What the exercise asks.
Please return the lines below verbatim, beginning at the one that has "Notice in this" and stopping after the one that has "Hi everyone. Today", and add no other lines.
── Provided information
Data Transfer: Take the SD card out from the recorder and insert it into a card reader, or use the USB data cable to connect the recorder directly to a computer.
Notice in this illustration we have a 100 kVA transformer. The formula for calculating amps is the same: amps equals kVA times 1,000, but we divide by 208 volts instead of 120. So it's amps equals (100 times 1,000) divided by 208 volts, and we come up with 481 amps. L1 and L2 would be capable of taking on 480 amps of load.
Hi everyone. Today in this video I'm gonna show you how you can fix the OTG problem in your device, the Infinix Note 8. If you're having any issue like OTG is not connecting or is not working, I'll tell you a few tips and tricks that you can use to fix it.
────
── Provided information
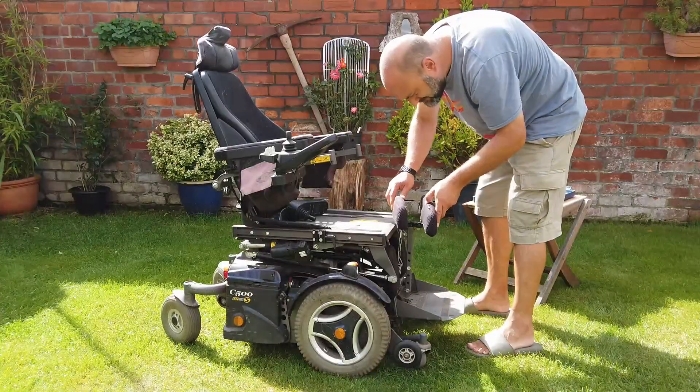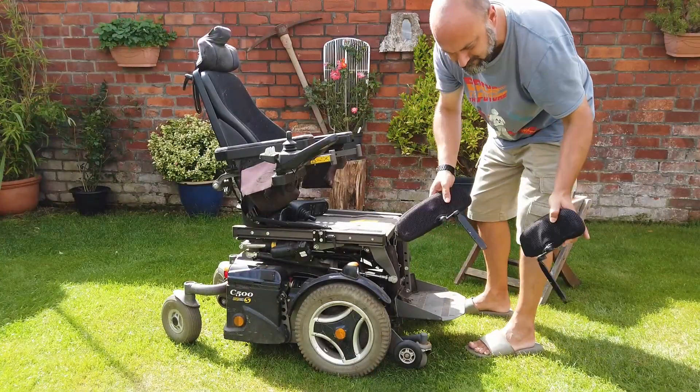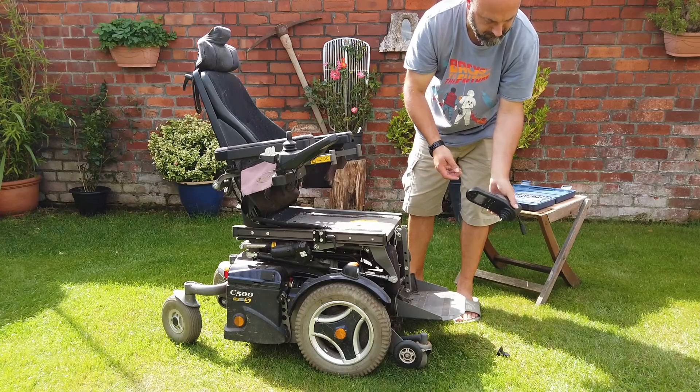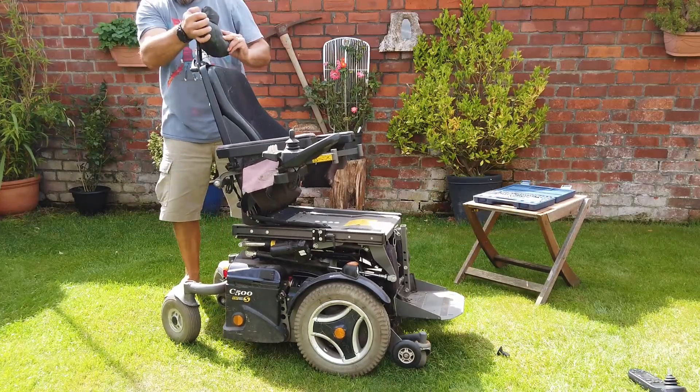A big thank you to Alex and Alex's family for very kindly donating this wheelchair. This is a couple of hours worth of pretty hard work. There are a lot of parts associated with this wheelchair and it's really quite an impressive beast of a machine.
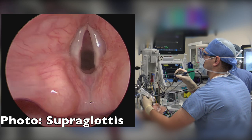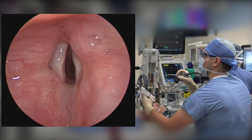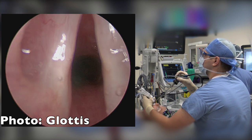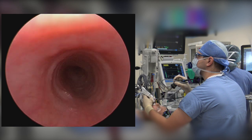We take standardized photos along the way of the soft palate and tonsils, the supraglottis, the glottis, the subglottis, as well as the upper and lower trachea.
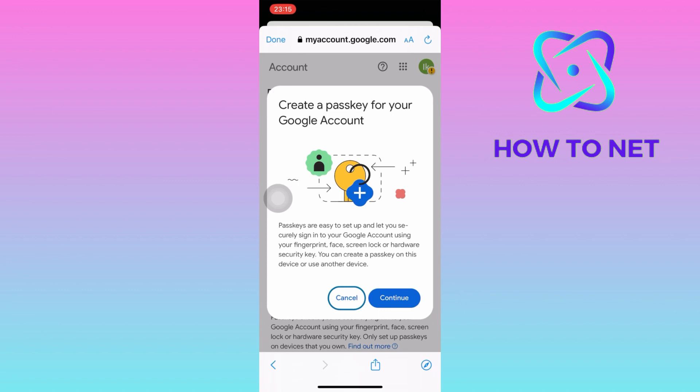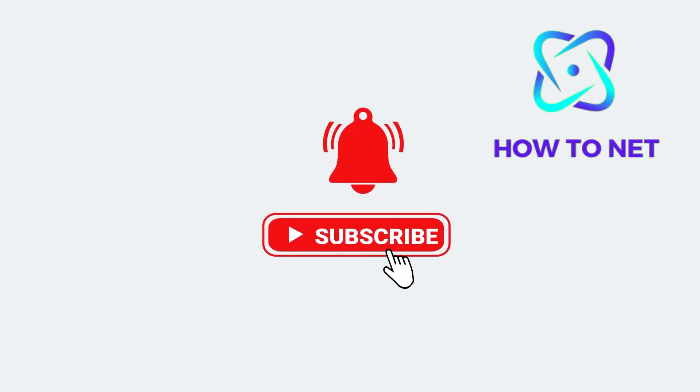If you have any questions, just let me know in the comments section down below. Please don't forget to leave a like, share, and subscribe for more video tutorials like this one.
────
Task output.
Notice in this illustration we have a 100 kVA transformer. The formula for calculating amps is the same: amps equals kVA times 1,000, but we divide by 208 volts instead of 120. So it's amps equals (100 times 1,000) divided by 208 volts, and we come up with 481 amps. L1 and L2 would be capable of taking on 480 amps of load.
Hi everyone. Today in this video I'm gonna show you how you can fix the OTG problem in your device, the Infinix Note 8. If you're having any issue like OTG is not connecting or is not working, I'll tell you a few tips and tricks that you can use to fix it.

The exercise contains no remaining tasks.